Er nimmt den Zuschauer mit an Orte, die jeder aus seinem Innersten kennt. An eine Art Klagemauer – eine Wand, dekoriert mit dem Symbol fossiler Seelilien, zu der er sich immer wieder mit hilfesuche­nder Gestik wendet –, die später im goldenen Licht wie ein Tor der Erleuchtun­g aussehen wird. Er führt an den Rand eines Teichs (imaginiert durch den in blaues Licht getauchten Boden), dessen ruhige Oberfläche sanft berührt wird. Und er hält eine Arena bereit, deren Boden mit Sand bedeckt ist, in der die Tänzer Gefühlen Ausdruck verleihen: Kahl geschoren und mit weißer Farbe bemalt, liegen sie wie Embryonen auf dem Rücken, zittern, bäumen sich in Sprüngen auf oder legen die Köpfe in den Nacken und reißen die Münder auf.

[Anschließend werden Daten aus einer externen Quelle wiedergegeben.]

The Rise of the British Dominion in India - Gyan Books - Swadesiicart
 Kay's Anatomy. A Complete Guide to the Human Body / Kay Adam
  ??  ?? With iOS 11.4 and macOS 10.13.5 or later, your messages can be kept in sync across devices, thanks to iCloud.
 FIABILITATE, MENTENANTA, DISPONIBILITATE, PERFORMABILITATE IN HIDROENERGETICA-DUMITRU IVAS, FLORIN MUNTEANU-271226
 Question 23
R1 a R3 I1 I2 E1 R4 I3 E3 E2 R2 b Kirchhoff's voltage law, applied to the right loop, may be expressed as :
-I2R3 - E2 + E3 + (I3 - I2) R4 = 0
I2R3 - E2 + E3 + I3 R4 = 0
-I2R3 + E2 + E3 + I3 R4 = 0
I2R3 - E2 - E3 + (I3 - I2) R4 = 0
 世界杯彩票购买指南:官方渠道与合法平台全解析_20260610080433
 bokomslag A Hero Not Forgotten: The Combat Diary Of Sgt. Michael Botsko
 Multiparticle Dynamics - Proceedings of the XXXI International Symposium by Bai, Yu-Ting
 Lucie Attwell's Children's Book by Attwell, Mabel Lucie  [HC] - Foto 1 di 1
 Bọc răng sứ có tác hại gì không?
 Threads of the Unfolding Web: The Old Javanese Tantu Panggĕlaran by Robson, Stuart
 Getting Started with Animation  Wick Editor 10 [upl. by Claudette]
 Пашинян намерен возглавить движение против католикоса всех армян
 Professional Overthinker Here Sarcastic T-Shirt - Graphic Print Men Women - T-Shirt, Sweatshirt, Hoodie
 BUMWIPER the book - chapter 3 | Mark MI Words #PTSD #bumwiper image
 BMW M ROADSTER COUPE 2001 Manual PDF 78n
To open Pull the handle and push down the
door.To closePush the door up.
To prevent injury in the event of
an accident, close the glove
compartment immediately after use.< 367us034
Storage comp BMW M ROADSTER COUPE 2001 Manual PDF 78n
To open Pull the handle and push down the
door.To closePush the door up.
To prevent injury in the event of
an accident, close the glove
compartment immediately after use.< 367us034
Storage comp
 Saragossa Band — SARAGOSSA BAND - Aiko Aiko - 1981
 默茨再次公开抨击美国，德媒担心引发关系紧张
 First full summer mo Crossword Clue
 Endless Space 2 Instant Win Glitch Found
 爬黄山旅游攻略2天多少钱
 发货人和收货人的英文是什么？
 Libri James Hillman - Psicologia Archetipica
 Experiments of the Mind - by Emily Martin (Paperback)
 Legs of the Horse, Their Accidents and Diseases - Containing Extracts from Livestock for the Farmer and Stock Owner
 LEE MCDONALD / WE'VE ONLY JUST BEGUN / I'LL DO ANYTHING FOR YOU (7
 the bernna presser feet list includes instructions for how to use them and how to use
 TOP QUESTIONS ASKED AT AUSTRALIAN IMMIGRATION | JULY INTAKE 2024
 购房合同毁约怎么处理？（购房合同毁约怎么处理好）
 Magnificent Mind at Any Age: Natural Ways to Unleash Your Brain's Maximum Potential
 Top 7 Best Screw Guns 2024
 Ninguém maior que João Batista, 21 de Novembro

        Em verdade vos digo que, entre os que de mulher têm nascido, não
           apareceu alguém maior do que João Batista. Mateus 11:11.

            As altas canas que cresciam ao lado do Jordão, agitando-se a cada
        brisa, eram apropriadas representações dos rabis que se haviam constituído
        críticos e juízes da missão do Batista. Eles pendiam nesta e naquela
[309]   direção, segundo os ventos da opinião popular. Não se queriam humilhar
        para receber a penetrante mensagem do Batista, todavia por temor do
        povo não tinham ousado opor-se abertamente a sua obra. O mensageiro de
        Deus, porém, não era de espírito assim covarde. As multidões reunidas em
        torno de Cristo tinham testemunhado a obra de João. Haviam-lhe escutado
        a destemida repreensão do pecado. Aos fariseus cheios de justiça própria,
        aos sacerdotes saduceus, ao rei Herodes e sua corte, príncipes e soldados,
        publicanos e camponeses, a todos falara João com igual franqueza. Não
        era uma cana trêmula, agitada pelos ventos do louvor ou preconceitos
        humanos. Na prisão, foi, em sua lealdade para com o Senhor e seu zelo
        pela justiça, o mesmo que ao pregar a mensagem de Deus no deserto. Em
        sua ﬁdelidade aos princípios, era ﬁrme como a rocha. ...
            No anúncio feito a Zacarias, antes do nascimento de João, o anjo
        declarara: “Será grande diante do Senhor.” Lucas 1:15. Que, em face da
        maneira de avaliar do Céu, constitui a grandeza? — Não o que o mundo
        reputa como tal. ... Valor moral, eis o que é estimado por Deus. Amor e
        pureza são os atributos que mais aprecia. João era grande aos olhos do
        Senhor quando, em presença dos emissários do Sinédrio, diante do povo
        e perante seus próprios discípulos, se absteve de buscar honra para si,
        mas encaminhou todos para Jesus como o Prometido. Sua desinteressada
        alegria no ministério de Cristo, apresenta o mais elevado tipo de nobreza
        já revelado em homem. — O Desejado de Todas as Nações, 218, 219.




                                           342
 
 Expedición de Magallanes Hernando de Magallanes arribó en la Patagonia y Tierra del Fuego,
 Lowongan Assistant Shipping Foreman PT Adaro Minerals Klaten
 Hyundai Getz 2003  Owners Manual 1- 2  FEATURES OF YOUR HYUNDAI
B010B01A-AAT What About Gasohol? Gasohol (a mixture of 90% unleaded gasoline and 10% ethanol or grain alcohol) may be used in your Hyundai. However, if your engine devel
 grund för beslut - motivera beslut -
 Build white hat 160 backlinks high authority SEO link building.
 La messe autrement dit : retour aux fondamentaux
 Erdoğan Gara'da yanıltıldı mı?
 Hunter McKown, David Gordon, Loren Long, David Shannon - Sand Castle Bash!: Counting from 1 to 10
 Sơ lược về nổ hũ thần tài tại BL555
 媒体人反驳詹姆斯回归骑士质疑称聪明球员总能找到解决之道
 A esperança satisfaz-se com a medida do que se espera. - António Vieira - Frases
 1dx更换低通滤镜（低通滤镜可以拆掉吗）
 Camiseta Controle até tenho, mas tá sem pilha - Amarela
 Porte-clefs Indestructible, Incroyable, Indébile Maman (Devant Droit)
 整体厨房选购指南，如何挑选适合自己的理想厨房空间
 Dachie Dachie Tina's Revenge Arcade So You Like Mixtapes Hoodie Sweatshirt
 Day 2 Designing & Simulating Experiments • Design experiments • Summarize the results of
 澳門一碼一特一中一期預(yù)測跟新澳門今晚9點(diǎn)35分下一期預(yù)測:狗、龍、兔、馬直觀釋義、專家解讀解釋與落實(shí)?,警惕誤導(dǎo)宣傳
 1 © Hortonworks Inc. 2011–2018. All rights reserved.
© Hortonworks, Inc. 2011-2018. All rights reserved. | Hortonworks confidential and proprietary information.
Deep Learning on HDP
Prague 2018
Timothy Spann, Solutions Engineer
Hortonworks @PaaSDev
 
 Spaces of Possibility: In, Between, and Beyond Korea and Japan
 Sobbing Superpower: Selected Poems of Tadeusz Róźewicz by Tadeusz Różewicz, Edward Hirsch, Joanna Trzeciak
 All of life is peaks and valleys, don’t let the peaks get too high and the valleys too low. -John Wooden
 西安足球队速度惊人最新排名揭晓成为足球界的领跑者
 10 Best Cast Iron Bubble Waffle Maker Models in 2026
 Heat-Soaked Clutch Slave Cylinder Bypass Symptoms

„Meguri“heißt Amagatsus eindrucksv­oller Butoh-Tanz, den er mit seiner Company Sankai Juku beim ImPulsTanz-Festival gezeigt hat: Ein Stück über den Kreislauf des Lebens, der Natur, der Energie. Der manchmal schneidend­e Sound lässt vermuten, dass es unter der ruhigen Oberfläche brodelt. Einiges bleibt rätselhaft, aber auch das Unbekannte ist ein Ort, den jeder aus seinem Innersten kennt. (i. w.)